A faithful copy is needed of the lines below from the one with "503 Maggie Ln, Altoona, IA 50009" up to and including the one with "in Russia, Moscow, Valovaya str, 20"; set it down with no pictures and no other lines.

§ Supplied material:
* * * *

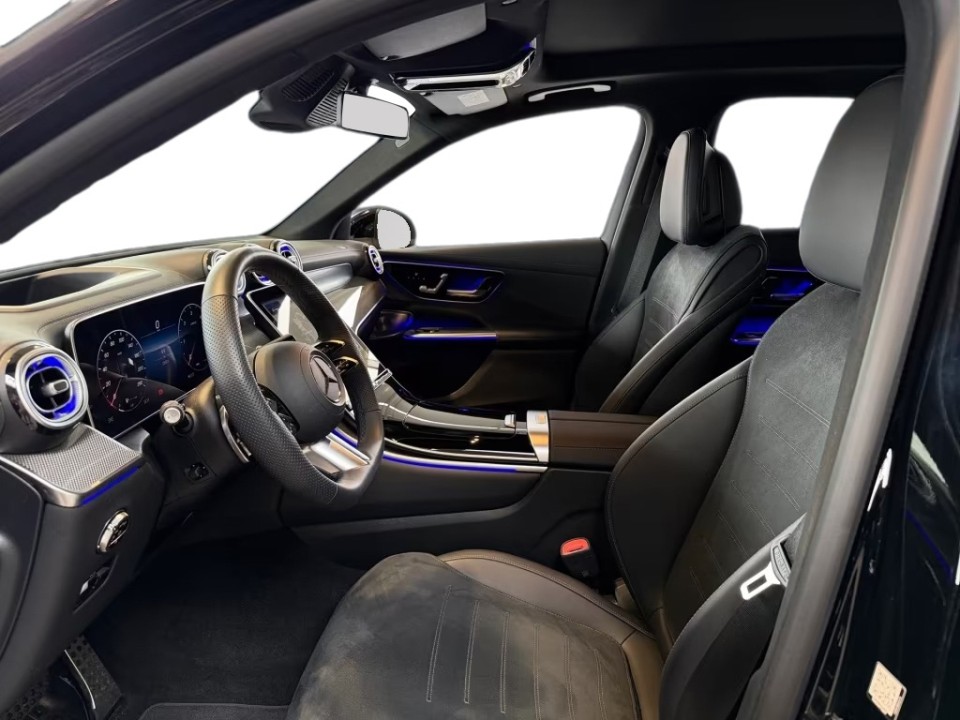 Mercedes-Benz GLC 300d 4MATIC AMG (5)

* * * *

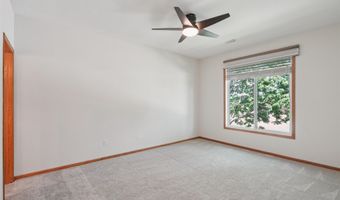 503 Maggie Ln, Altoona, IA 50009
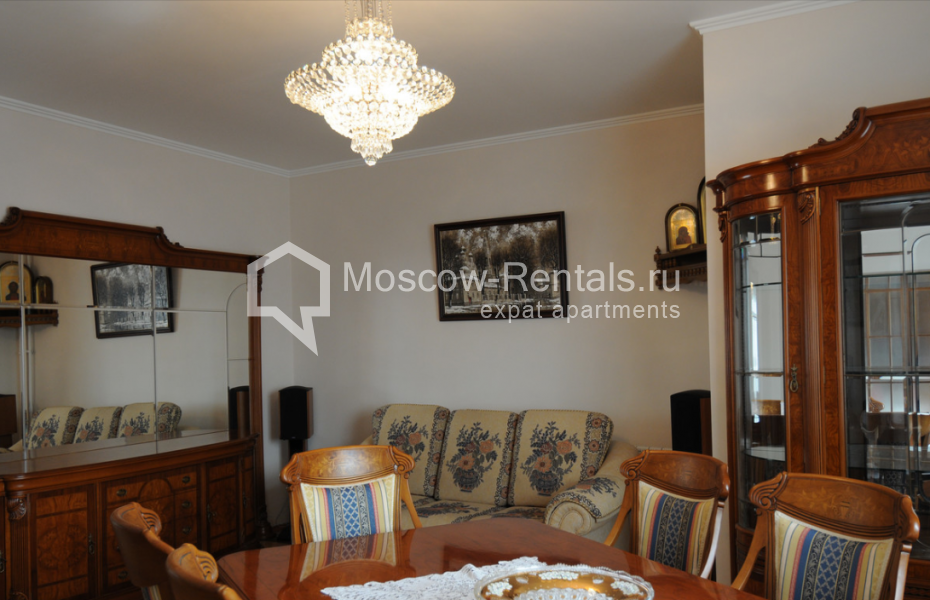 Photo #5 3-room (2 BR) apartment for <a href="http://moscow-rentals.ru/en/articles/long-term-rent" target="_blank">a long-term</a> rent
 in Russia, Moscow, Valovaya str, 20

* * * *

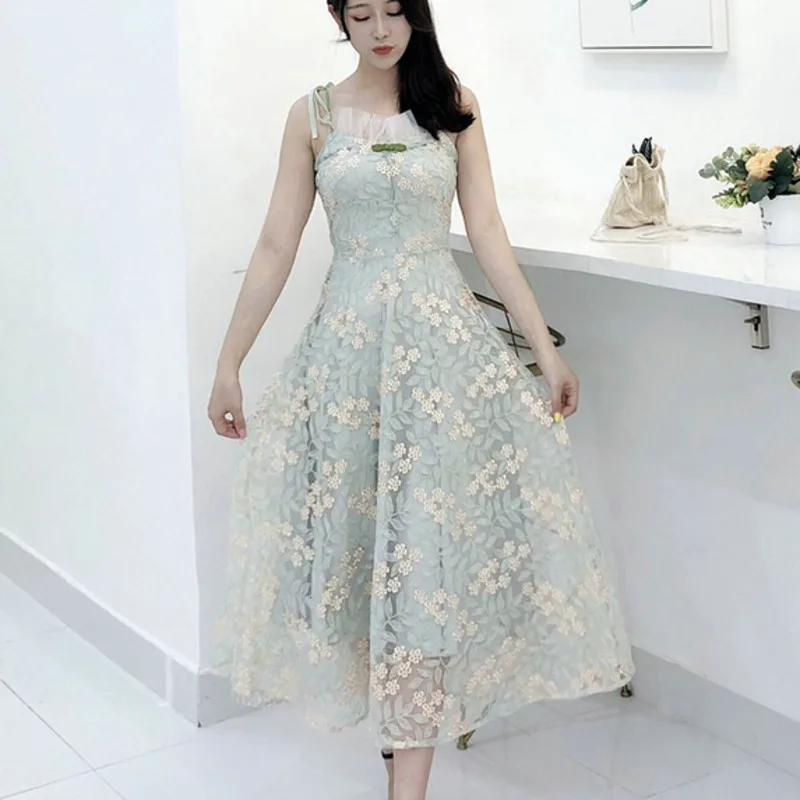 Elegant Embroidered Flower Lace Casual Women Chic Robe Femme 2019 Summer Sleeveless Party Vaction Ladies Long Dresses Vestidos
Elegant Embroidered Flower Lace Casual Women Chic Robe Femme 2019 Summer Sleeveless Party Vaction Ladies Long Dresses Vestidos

* * * *

§ Response to the task:
 503 Maggie Ln, Altoona, IA 50009
 Photo #5 3-room (2 BR) apartment for <a href="http://moscow-rentals.ru/en/articles/long-term-rent" target="_blank">a long-term</a> rent
 in Russia, Moscow, Valovaya str, 20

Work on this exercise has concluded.